I am a student who applied to the FS and was denied by the Suitability Review committee after admitting to using marijuana (on the form and during the interview. I used exactly 4 times in early 2016 and 1 time last October. They indicated an appeal based on new information may be grounds for reinstatement. I have been in counseling for months, so that is new. I My counselor, employer, clergy are all writing character references to attest that with everything I do, I use great judgement, and will submit to weekly or random drug testing for the rest of my life. What are my chances of winning an appeal and how should I approach this process? I am being
told that my chance of a successful appeal is dismal.
Forget offer to be drug tested weekly or whatever . . . No one will take you up on that. If they felt the need to test you weekly, you’re not the person for the job.
Your appeal should be based on the reasons that you were led to get high in 2016 and 2017 and what you have done to prevent it from happening again.
Last October might be a bit close especially if new job requires a clearance in addition to suitability. From my experience suitability is used as a way to weed out the people that would definitely fail clearance so the agency doesn’t waste money on the investigation they know will turn up derogatory information. I would rather take a suitability denial and get my act together than a full blown clearance denial and have that on my record for life. Get another year of zero drug use. Cut out any friends that could potentially lead you back to drug use. October was only 7 months ago. Respectfully, not many are going to believe you are reformed from an incident that happened less than a year ago.
@Smile, I am curious about your experience on that.
I asked because federal agencies typically make suitability determination and clearance determination together. Also, federal agencies do make suitability determination for positions requiring public trust; thus, no clearance required.
I’m afraid I have no encouragement.
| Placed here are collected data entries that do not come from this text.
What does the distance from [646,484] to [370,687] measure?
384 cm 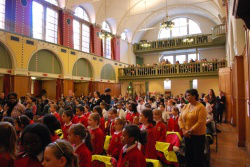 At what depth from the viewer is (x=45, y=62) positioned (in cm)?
1300

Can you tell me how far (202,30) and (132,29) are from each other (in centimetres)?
807

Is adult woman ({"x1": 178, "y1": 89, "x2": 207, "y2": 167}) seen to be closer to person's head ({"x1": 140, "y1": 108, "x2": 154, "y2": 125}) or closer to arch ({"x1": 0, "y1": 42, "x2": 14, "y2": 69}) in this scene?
person's head ({"x1": 140, "y1": 108, "x2": 154, "y2": 125})

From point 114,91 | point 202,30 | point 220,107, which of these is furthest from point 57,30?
point 202,30

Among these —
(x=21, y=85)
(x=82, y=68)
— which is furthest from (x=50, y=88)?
(x=82, y=68)

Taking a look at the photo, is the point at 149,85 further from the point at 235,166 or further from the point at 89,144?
the point at 89,144

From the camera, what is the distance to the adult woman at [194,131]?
356 cm

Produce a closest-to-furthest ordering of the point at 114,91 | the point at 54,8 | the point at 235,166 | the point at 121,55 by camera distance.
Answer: the point at 235,166 → the point at 54,8 → the point at 114,91 → the point at 121,55

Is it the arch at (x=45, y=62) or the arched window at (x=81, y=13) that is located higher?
the arched window at (x=81, y=13)

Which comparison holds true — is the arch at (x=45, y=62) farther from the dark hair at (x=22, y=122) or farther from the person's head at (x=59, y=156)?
the person's head at (x=59, y=156)

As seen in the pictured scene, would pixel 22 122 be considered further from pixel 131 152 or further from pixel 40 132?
pixel 131 152

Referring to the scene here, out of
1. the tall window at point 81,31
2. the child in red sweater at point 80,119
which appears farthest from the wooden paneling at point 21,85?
the child in red sweater at point 80,119

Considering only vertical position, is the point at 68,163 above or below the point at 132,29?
below

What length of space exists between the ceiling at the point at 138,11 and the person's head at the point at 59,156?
16147 mm

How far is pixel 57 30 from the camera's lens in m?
14.2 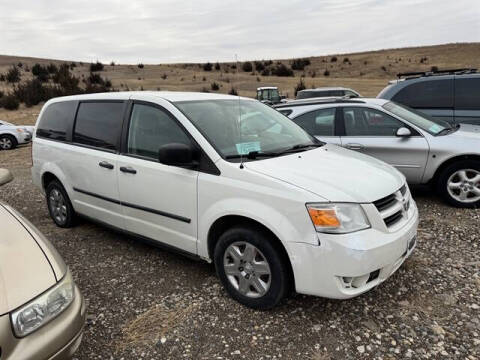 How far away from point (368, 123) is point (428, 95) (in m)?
2.08

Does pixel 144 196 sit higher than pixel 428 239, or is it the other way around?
pixel 144 196

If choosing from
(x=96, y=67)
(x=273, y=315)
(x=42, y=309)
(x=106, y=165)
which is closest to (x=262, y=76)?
(x=96, y=67)

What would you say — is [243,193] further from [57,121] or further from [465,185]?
[465,185]

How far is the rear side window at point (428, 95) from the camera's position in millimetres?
7031

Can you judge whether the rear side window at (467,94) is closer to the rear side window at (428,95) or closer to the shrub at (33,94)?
the rear side window at (428,95)

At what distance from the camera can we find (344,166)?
3.33 metres

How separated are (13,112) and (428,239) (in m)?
22.9

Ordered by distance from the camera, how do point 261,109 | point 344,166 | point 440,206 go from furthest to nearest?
1. point 440,206
2. point 261,109
3. point 344,166

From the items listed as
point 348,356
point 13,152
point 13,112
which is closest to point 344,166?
point 348,356

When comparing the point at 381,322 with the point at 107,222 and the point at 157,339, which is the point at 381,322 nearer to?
the point at 157,339

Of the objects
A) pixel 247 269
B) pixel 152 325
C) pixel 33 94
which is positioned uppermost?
pixel 33 94

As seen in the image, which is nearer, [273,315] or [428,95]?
[273,315]

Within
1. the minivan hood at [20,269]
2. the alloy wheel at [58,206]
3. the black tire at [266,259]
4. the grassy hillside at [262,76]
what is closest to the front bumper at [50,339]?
the minivan hood at [20,269]

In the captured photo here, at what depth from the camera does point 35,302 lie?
6.76 ft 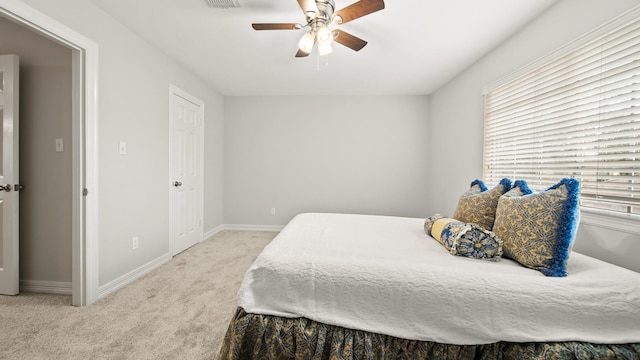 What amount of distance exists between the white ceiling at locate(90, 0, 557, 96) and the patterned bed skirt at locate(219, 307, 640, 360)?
220 cm

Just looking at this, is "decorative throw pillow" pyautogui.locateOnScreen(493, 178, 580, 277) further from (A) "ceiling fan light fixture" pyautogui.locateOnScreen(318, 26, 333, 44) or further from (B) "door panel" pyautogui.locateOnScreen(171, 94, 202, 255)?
(B) "door panel" pyautogui.locateOnScreen(171, 94, 202, 255)

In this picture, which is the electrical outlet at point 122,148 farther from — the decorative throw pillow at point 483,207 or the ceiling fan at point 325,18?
the decorative throw pillow at point 483,207

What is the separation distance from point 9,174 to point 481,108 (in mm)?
4437

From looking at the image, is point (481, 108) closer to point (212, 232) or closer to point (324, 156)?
point (324, 156)

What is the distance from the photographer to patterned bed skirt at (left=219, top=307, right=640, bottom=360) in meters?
1.05

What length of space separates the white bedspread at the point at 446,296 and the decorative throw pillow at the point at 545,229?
7 centimetres

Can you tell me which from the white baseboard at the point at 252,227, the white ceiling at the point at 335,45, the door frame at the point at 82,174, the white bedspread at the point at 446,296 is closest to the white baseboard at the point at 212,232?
the white baseboard at the point at 252,227

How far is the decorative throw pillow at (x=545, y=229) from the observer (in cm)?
121

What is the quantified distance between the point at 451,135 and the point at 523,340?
2.84m

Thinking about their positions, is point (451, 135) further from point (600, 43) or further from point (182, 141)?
point (182, 141)

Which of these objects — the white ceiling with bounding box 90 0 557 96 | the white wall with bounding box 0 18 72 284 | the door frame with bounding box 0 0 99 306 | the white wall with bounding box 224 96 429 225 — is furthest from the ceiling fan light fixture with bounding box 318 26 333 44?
the white wall with bounding box 224 96 429 225

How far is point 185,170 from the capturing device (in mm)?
3209

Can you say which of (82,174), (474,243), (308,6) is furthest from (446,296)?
(82,174)

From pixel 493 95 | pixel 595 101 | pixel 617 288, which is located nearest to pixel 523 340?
pixel 617 288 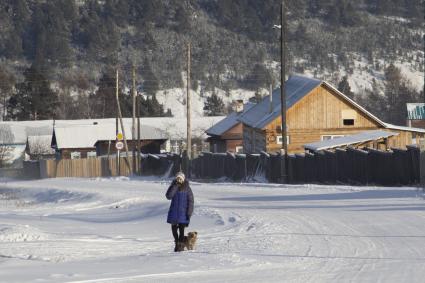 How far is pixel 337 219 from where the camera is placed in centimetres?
2116

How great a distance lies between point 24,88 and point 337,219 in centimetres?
9441

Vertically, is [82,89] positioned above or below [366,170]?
above

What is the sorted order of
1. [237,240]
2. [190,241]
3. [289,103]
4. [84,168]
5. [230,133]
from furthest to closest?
[230,133] → [84,168] → [289,103] → [237,240] → [190,241]

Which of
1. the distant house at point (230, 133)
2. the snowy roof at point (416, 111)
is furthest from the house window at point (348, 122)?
the snowy roof at point (416, 111)

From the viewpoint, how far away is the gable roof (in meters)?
59.0

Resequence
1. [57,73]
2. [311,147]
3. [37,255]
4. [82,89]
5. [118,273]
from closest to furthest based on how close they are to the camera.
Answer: [118,273], [37,255], [311,147], [82,89], [57,73]

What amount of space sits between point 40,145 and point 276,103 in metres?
37.6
The only way to be successful is to refute the reasons stated in the SOR… that is, prove that they are wrong or they omitted significant relevant information. If you admit that you used marijuana and that is the reason you were denied, that’s the end of the story.
The good news (as I see it) is you were not denied a clearance (I don’t think) so you don’t have to report that, and I think you can apply again in two years.
So much negativity from people who clearly aren’t suitability appeals lawyers. I hope you submitted a rigorous appeal with all the vigor you could muster and martialed every available resource. I hope you got your appeal overturned and “left it all on the field”. Never give up.